By visiting Tawang, a Tibetan Buddhist stronghold that was the birthplace of a previous Dalai Lama, he is expertly needling Beijing, which maintains that this area should be part of China. He is also consolidating his sect’s deep roots among the population, potentially laying the groundwork for a reincarnation there.

“He is a wise Lama, and he is thinking far ahead, as he always has,” said Brahma Chellaney, an analyst at New Delhi’s Center for Policy Research. “He is not given to sentimental reasoning. There is nothing about his trip to Arunachal Pradesh that is sentimental in its nature.”

Tawang is home to the Monpa people, who practice Tibetan Buddhism and once paid tribute to rulers in Lhasa, 316 miles to the north. Though the town’s population is about 11,000, officials said they were expecting as many as 60,000 to gather for the Dalai Lama’s appearances at Tawang’s monastery this weekend.

“We have been preparing for the last two months,” said Lobsang Khum, secretary of the monastery. “Everybody wants to see him, get his blessings, touch his feet. For us, the Dalai Lama is more important than our lives.”

The most treasured lore among the Monpa surrounds Tsangyang Gyatso, who in 1682 became the sixth Dalai Lama. People here make pilgrimages to his childhood home, where a stone is displayed with a faint footprint said to be his, and speak longingly of the possibility that it could happen again.

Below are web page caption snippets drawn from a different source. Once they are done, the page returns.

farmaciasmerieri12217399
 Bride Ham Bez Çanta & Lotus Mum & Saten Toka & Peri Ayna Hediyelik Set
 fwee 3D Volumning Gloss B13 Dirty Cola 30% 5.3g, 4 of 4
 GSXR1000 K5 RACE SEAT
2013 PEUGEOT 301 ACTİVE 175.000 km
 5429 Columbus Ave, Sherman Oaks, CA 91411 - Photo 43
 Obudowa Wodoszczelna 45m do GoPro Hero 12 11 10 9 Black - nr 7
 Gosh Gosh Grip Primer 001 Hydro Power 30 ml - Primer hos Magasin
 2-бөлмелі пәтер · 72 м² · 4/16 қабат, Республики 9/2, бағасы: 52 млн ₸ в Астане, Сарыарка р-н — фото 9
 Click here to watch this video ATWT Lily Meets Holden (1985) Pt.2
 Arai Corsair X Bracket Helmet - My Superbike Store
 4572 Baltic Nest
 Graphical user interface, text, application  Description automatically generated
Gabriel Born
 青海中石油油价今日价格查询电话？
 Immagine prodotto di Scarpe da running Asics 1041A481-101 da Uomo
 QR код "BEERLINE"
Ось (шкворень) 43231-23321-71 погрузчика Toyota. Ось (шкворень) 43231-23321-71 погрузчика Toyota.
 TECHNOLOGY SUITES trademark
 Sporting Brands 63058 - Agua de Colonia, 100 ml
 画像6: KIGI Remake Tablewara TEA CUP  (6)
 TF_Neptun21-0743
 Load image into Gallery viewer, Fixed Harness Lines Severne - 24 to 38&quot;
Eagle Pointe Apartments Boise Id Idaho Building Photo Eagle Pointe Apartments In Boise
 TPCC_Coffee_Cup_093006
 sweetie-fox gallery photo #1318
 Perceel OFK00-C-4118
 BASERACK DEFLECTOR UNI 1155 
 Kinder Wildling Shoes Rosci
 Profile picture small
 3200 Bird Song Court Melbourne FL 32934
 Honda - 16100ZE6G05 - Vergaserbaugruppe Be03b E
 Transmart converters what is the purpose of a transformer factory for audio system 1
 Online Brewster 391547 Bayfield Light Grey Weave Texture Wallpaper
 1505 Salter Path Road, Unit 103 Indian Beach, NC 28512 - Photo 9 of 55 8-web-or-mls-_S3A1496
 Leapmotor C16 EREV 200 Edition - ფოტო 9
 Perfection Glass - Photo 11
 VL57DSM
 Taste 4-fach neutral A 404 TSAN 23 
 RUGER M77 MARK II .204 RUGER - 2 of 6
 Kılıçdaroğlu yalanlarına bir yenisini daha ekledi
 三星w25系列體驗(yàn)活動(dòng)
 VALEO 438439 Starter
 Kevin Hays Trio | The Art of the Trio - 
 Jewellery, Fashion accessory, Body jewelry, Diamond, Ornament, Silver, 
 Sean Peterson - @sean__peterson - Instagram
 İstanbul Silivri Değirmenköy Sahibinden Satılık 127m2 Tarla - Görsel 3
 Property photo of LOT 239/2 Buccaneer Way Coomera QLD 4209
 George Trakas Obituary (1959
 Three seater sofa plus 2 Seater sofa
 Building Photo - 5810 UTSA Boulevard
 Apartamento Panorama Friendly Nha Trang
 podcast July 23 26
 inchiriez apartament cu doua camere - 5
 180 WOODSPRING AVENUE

“That is the dream of many people here, that the next Dalai Lama should be born in Tawang,” said Sang Phuntsok, Tawang’s deputy commissioner. Tsering Tashi, a local legislator, said that, as a layman, he had no business commenting, but in the end he could not restrain himself. “I wish that the reincarnation of the next Dalai Lama happens in Tawang,” he said. “That’s all I can say.”

The Dalai Lama has been enigmatic about how his successor will be chosen.

In the past, monks have turned to visions and oracles to lead them to a child conceived just as the previous Dalai Lama died. Having identified a child, they administer tests seeking to confirm that he is the reincarnated lama, such as asking him to pick out objects belonging to his predecessor.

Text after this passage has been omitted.